PROJECT SUMMARY:
There is a need for integrative data analyses that anchor transcriptomic research in contexts predictive of
human health, as illustrated by growing awareness of disease-associated synonymous transcript variants
and RNA biotechnologies such as mRNA vaccines. To help uncover sequence features that are important
for RNA regulation, we present context-dependent models of translational efficiency, a key metric of
transcript function. We show that position-dependent codon usage bias (PDCUB) identifies start codons
among AUGs more consistently than the Kozak sequence, while high-PDCUB transcripts are enriched for
medically important genes tied to human development and neural function. Attention-based transformer
networks and interpretation techniques will independently predict translational efficiency in human
transcripts, with comparison to ribosome profiling and RNA abundance data in multiple human cell lines,
to characterize how PDCUB and other sequence features guide translational efficiency across health-
critical contexts. Transfection assays validate the roles of predicted sequence features.

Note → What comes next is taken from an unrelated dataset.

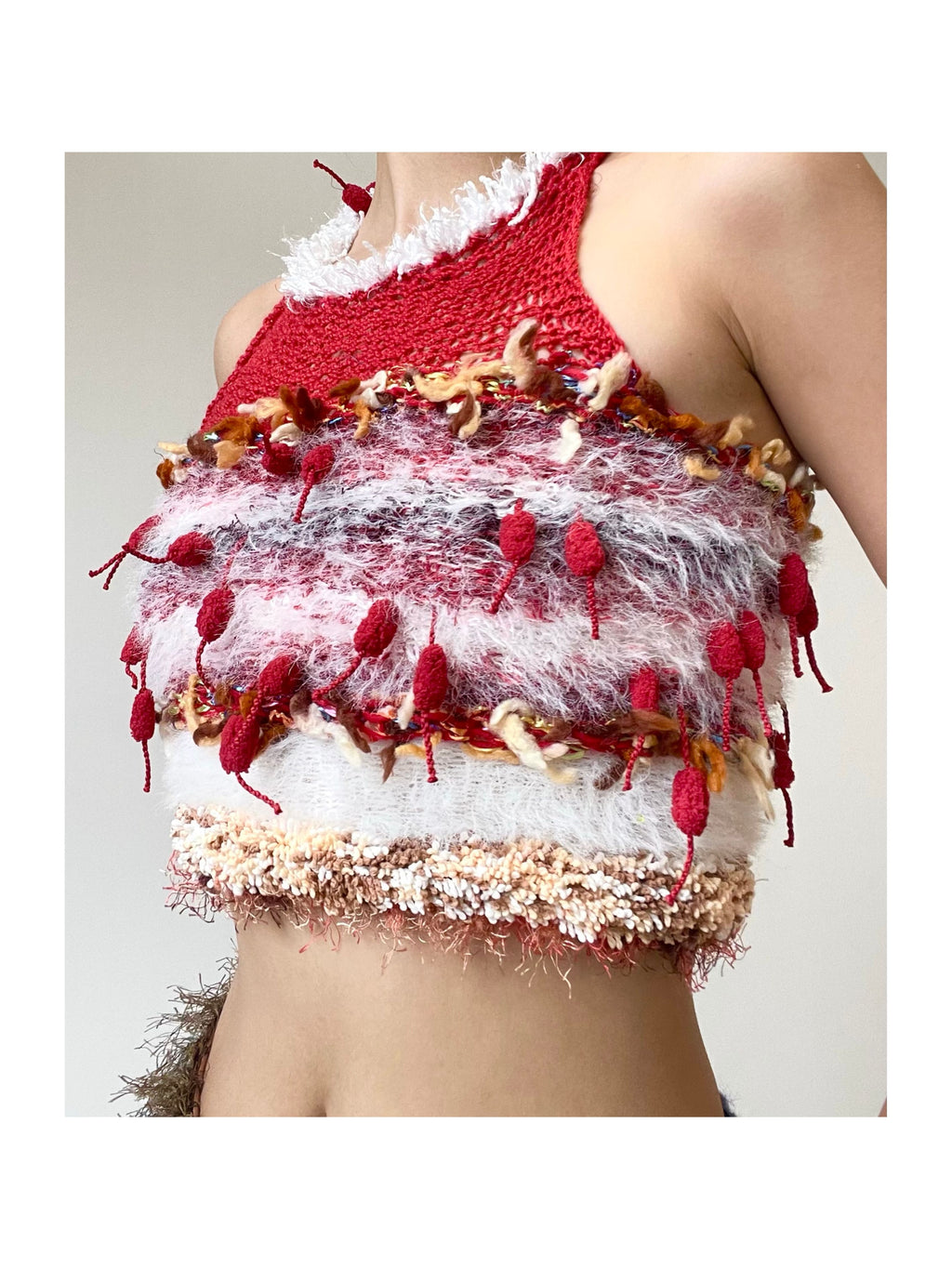 JUEJUEWORKS Tanghulu Fuzzy Collar Knit Tank Top, Patchwork Fringed Cropped Handmade Knit Cami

Beyond sequence, higher-order structures also drive RNA function and stability, including
translational regulation and interactions with microRNAs and RNA-binding proteins (RBPs). A new RNA
structural alignment method and associated clustering will uncover structural domains and group them
by mutual similarity to find common structural motifs that impact RNA structure-function relationships,
improving our understanding of the role of transcript structure in pathogenesis. Evaluation will consist of
clustering RNA families in our previously built RNA structure meta-database, bpRNA-1m, with identified
structural domains analyzed in the context of ribosome profiling data to characterize the role of these
domains in regulating translation. Meanwhile, clustering structures according to RNA-protein crosslinking
data will let us identify motifs involved in the binding of RBPs.
Finally, a comprehensive transcriptome browser and meta-database will integrate transcriptomic
data for known and new transcript-level features, including those described above. Easy to access and
use, this resource will enable scientific and medical researchers to find and define RNA sequence features
and structural motifs. By cohesively cataloging the complex facets of transcript-level interactions, along
with sequence and structural features relevant for transcript regulation, our transcriptome browser will
help researchers visualize ribosomal occupancy, examine RNA structures, microRNA and RBP binding,
catalog splice variants, and understand the sequence features that drive transcript interactions. Allelic
variants mapped to RNA transcript positions will be combined our annotations, along with feature-based
machine learning predictions incorporated into the browser, to assist researchers in generating first-pass
predictions of transcript variants and interpreting their outcomes in the context of human health.